オンライン講義を倍速視聴するとテストの成績に悪影響が及ぶ可能性があるとの研究結果

サイエンス

近年の若い世代にはオンラインの講義動画やポッドキャスト、オーディオブックなどを通常よりも速いスピードで視聴する習慣が根付いています。たとえば、アメリカのカリフォルニア州の学生を対象にした調査では、89%の学生がオンライン講義の再生速度を変更していたことが示されました。ところが、オンライン講義の再生速度とそれに基づくテストのパフォーマンスを調べた24件の研究を分析したメタアナリシスでは、オンライン講義動画の倍速視聴はパフォーマンスを低下させる可能性が示されました。

Increasing Video Lecture Playback Speed Can Impair Test Performance – a Meta-Analysis | Educational Psychology Review

https://link.springer.com/article/10.1007/s10648-025-10003-9

What happens to your brain when you watch videos online at faster speeds than normal https://theconversation.com/what-happens-to-your-brain-when-you-watch-videos-online-at-faster-speeds-than-normal-259930 講義動画に限らずオンラインで動画を高速視聴するメリットとしては、「同じ時間でより多くのコンテンツを視聴できる」「コンテンツを繰り返し視聴して楽しめる」「視聴終了までの時間を短縮して途中で集中力が切れるのを防ぐことができる」といったものが挙げられます。

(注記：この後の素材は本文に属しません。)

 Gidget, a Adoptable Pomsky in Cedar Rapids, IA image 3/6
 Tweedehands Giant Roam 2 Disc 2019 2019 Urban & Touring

今回の研究には関与していないロンドン大学クイーン・メアリーの認知科学者マーカス・ピアース氏は、「動画の高速視聴は特に教育の文脈において有用であり、知識の定着や模擬試験などに時間を割けるようになる可能性があります。また、素早く視聴することは集中力と気力を維持し、心が散漫になるのを防ぐ上でも役立ちます」と述べています。

しかし、動画の高速視聴は「記憶の形成」という面にデメリットを及ぼす可能性もあるとのこと。研究者らは人々が情報を記憶する3つの段階として、「1:符号化」「2:保持」「3:想起」があると考えています。音声情報の場合、符号化の段階では聞こえてくる音声を処理し、理解するのにある程度の時間を要します。記憶を活用するには重要な単語を抽出・保存し、必要な時に文脈を含んだ意味をリアルタイムで想起する必要があります。

一般的な人間は1分間に約150語を話しており、その速度が1分間に300語~450語に増加しても、まだ理解できる範囲内にあることが示されています。しかし問題は、これらの音声がしっかりと記憶され、必要な時に思い出せるかどうかという点です。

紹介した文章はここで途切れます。